The provisions of Section 725, Title 18 U.S.C.A., must be read in the light of the provisions of Section 724, or else the five-year limitation of probation would be meaningless in situations of this kind. It is our view that even though Section 725 authorizes the Judge to impose sentence after the expiration of the probationary period he could only do so for a violation of the probation occurring during the lawful probationary period. Any other construction of the Act would render ineffective the limitation of the probationary period to five years.
It would seem that any other construction of the two sections would permit the Court to break faith with the probationer. When a defendant is placed on probation he is told, in effect, that if he lives up to the conditions of probation for the required period he will then be a free man.

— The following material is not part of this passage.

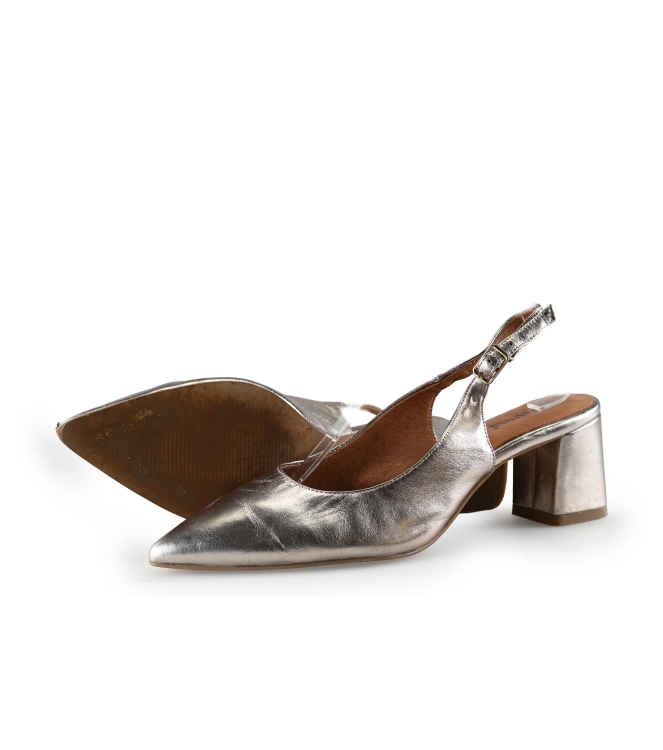 No Stress Slingbacks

It is our view, therefore, that on an order of the Court a warrant may issue for the arrest or bringing in of an erstwhile probationer at any time within the maximum period for which he could have been sentenced, provided the violation for which the arrest was ordered was committed during the period of probation.
The violation of probation in the instant case occurred after the expiration of the maximum period of five years permitted under the statute and the Court was then without power to revoke the suspension *109 of sentence and to impose sentence on the defendant.
The judgment ordering the petitioner released from custody is, therefore, affirmed.